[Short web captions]
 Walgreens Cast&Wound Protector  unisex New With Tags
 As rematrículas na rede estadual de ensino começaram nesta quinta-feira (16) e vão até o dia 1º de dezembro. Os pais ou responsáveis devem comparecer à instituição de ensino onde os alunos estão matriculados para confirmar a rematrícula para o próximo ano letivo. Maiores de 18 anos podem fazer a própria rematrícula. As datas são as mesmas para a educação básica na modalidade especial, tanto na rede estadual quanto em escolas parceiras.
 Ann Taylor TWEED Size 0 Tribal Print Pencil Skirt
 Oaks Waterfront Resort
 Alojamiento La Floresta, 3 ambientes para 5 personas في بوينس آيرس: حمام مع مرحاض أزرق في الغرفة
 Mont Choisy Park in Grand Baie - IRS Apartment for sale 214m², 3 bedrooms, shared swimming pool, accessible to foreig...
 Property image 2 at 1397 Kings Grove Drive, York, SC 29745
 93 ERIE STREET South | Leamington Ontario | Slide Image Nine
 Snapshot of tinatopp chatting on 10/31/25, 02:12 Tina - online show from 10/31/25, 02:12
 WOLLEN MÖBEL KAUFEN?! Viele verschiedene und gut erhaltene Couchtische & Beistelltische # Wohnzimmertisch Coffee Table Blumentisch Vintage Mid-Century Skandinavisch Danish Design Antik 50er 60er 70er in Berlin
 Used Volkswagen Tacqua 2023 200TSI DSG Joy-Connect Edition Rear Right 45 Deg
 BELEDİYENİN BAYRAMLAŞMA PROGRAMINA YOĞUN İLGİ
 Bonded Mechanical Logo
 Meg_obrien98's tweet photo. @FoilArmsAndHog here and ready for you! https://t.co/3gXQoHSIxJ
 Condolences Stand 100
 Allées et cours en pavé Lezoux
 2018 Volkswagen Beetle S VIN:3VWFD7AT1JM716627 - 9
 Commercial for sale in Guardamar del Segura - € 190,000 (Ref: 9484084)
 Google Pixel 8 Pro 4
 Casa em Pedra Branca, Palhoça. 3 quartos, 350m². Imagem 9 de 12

- Exercise goal
What you return should be exactly the lines above, starting at the one with "WOLLEN MÖBEL KAUFEN?!" and ending at the one with "Bonded Mechanical Logo", and nothing else.

- Answer to the exercise
 WOLLEN MÖBEL KAUFEN?! Viele verschiedene und gut erhaltene Couchtische & Beistelltische # Wohnzimmertisch Coffee Table Blumentisch Vintage Mid-Century Skandinavisch Danish Design Antik 50er 60er 70er in Berlin
 Used Volkswagen Tacqua 2023 200TSI DSG Joy-Connect Edition Rear Right 45 Deg
 BELEDİYENİN BAYRAMLAŞMA PROGRAMINA YOĞUN İLGİ
 Bonded Mechanical Logo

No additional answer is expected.